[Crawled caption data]
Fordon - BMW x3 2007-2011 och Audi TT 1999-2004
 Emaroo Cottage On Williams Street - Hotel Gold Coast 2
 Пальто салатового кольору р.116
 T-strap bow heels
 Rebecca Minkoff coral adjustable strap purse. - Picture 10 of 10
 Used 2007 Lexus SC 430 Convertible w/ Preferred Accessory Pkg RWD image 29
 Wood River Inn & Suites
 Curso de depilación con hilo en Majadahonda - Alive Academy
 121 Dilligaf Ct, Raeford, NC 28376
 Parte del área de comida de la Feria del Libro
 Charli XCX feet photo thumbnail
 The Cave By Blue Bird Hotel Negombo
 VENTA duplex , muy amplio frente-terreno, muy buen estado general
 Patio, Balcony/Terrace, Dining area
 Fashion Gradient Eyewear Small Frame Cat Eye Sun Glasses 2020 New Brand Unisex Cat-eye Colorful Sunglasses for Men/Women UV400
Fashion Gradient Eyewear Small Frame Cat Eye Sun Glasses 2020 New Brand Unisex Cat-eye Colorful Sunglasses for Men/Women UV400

▶ [Task brief]:
Lines from the start of the entries through the one containing "Wood River Inn & Suites" are to be set down again exactly, both ends included.

▶ [Solution for this exercise]:
Fordon - BMW x3 2007-2011 och Audi TT 1999-2004
 Emaroo Cottage On Williams Street - Hotel Gold Coast 2
 Пальто салатового кольору р.116
 T-strap bow heels
 Rebecca Minkoff coral adjustable strap purse. - Picture 10 of 10
 Used 2007 Lexus SC 430 Convertible w/ Preferred Accessory Pkg RWD image 29
 Wood River Inn & Suites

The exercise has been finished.